Crawled caption data:
═══

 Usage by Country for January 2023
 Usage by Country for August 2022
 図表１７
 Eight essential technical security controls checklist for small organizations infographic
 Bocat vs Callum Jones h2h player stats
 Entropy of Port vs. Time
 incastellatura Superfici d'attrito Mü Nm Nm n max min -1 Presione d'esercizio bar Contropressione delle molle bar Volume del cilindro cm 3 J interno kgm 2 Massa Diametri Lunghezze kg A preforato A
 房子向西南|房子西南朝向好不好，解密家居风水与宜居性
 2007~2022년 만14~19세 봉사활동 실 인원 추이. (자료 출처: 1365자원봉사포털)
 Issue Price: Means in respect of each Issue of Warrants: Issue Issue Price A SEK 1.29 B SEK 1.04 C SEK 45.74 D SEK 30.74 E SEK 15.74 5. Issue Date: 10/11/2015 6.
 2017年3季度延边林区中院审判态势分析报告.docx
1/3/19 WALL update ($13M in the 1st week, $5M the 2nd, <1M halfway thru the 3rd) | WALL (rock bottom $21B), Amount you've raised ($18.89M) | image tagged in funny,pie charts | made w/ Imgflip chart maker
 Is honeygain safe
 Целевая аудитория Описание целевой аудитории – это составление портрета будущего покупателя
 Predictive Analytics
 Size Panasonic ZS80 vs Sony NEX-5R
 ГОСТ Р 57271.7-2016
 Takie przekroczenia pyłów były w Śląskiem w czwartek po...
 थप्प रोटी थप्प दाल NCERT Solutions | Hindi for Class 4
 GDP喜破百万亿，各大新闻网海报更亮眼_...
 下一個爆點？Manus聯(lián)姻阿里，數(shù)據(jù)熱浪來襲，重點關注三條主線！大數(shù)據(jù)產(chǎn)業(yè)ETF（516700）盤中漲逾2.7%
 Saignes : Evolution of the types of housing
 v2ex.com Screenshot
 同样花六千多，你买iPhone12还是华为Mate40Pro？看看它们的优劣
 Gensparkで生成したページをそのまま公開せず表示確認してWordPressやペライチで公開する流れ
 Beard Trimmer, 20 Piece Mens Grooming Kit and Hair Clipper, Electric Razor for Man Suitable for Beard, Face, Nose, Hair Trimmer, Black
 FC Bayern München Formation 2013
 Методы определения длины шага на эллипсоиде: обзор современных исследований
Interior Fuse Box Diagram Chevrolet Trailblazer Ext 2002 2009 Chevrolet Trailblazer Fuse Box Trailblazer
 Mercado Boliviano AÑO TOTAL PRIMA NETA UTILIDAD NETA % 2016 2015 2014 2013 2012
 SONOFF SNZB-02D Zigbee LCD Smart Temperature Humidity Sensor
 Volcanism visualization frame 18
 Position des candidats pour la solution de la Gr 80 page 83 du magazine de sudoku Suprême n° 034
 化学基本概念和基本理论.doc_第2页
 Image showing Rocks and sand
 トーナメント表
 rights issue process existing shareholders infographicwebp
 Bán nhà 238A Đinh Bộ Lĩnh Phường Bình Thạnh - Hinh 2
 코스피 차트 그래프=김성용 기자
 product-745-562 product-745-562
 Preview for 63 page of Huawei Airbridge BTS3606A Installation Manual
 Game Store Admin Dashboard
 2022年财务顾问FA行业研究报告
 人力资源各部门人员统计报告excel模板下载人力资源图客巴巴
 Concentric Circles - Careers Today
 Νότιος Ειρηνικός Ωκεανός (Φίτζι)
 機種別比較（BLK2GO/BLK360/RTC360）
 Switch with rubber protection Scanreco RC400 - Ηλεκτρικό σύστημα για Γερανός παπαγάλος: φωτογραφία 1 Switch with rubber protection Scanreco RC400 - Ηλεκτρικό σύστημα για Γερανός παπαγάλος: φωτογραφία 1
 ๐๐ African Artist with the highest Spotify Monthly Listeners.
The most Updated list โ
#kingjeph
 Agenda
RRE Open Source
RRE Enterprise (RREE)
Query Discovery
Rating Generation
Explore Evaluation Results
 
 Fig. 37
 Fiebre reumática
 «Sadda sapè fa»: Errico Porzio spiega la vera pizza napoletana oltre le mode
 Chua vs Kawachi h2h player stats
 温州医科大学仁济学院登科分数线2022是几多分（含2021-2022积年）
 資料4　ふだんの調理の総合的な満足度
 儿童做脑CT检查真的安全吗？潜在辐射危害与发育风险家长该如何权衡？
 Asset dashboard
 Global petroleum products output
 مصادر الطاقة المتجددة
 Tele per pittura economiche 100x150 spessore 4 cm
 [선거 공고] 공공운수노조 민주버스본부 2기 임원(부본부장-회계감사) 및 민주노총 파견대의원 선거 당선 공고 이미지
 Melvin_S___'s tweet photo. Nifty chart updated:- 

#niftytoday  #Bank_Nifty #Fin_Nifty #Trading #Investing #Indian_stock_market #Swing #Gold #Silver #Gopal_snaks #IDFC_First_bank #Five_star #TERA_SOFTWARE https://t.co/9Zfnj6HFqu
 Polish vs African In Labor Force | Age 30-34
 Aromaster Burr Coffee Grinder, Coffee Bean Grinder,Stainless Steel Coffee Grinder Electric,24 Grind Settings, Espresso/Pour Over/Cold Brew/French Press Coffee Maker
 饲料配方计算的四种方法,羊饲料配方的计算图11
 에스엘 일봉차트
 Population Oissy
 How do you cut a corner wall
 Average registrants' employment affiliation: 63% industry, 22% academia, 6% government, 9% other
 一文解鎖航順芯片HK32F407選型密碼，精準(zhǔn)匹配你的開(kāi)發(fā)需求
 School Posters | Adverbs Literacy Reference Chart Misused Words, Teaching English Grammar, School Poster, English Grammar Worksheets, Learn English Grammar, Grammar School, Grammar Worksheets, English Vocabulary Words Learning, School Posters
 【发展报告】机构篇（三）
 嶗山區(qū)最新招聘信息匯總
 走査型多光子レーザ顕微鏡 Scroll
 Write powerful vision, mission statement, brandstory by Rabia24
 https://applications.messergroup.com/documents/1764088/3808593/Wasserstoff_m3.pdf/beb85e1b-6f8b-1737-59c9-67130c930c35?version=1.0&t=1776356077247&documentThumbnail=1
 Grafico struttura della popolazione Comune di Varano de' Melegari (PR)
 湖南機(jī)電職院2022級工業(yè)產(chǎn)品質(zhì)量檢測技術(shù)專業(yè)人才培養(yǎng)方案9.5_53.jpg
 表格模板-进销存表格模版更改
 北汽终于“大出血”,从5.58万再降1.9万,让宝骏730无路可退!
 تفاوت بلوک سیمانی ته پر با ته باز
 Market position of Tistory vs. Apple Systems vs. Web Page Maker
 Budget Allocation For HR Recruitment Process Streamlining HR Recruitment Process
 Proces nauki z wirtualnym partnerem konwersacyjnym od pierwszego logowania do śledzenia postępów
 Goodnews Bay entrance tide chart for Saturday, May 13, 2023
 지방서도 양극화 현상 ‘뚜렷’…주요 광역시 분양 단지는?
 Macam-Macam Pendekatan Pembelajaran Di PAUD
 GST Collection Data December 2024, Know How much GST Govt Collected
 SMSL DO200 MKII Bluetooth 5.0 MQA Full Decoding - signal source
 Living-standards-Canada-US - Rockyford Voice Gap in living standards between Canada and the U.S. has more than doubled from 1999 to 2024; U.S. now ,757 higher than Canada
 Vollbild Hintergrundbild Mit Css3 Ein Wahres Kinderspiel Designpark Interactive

═══

Quote the data above from the line containing "๐๐ African Artist" to the line containing "資料4　ふだんの調理の総合的な満足度", inclusive, and stop.

ANSWER SECTION:
 ๐๐ African Artist with the highest Spotify Monthly Listeners.
The most Updated list โ
#kingjeph
 Agenda
RRE Open Source
RRE Enterprise (RREE)
Query Discovery
Rating Generation
Explore Evaluation Results
 
 Fig. 37
 Fiebre reumática
 «Sadda sapè fa»: Errico Porzio spiega la vera pizza napoletana oltre le mode
 Chua vs Kawachi h2h player stats
 温州医科大学仁济学院登科分数线2022是几多分（含2021-2022积年）
 資料4　ふだんの調理の総合的な満足度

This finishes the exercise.